START The input
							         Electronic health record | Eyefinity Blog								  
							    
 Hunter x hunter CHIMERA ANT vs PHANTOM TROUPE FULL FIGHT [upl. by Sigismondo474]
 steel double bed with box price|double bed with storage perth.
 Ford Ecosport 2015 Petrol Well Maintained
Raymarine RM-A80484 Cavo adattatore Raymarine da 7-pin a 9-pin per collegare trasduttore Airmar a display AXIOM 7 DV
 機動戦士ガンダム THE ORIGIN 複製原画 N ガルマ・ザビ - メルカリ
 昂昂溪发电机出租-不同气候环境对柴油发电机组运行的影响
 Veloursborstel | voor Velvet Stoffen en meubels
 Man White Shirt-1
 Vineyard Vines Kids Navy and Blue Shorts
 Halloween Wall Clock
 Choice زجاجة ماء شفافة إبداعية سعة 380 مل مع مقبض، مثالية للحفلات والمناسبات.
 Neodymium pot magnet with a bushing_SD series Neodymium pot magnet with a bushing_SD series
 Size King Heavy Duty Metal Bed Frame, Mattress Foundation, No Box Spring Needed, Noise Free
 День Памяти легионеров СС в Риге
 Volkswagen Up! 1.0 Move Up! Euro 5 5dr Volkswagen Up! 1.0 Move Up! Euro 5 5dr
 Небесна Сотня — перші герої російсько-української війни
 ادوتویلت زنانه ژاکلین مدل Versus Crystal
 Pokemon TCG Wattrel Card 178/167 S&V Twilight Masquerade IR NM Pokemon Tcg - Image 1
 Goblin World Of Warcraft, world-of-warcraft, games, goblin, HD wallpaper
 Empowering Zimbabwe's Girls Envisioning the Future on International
END The input
__Work to be completed__
Copy down the whole of the data above, matching it exactly.

__Exercise response__
							         Electronic health record | Eyefinity Blog								  
							    
 Hunter x hunter CHIMERA ANT vs PHANTOM TROUPE FULL FIGHT [upl. by Sigismondo474]
 steel double bed with box price|double bed with storage perth.
 Ford Ecosport 2015 Petrol Well Maintained
Raymarine RM-A80484 Cavo adattatore Raymarine da 7-pin a 9-pin per collegare trasduttore Airmar a display AXIOM 7 DV
 機動戦士ガンダム THE ORIGIN 複製原画 N ガルマ・ザビ - メルカリ
 昂昂溪发电机出租-不同气候环境对柴油发电机组运行的影响
 Veloursborstel | voor Velvet Stoffen en meubels
 Man White Shirt-1
 Vineyard Vines Kids Navy and Blue Shorts
 Halloween Wall Clock
 Choice زجاجة ماء شفافة إبداعية سعة 380 مل مع مقبض، مثالية للحفلات والمناسبات.
 Neodymium pot magnet with a bushing_SD series Neodymium pot magnet with a bushing_SD series
 Size King Heavy Duty Metal Bed Frame, Mattress Foundation, No Box Spring Needed, Noise Free
 День Памяти легионеров СС в Риге
 Volkswagen Up! 1.0 Move Up! Euro 5 5dr Volkswagen Up! 1.0 Move Up! Euro 5 5dr
 Небесна Сотня — перші герої російсько-української війни
 ادوتویلت زنانه ژاکلین مدل Versus Crystal
 Pokemon TCG Wattrel Card 178/167 S&V Twilight Masquerade IR NM Pokemon Tcg - Image 1
 Goblin World Of Warcraft, world-of-warcraft, games, goblin, HD wallpaper
 Empowering Zimbabwe's Girls Envisioning the Future on International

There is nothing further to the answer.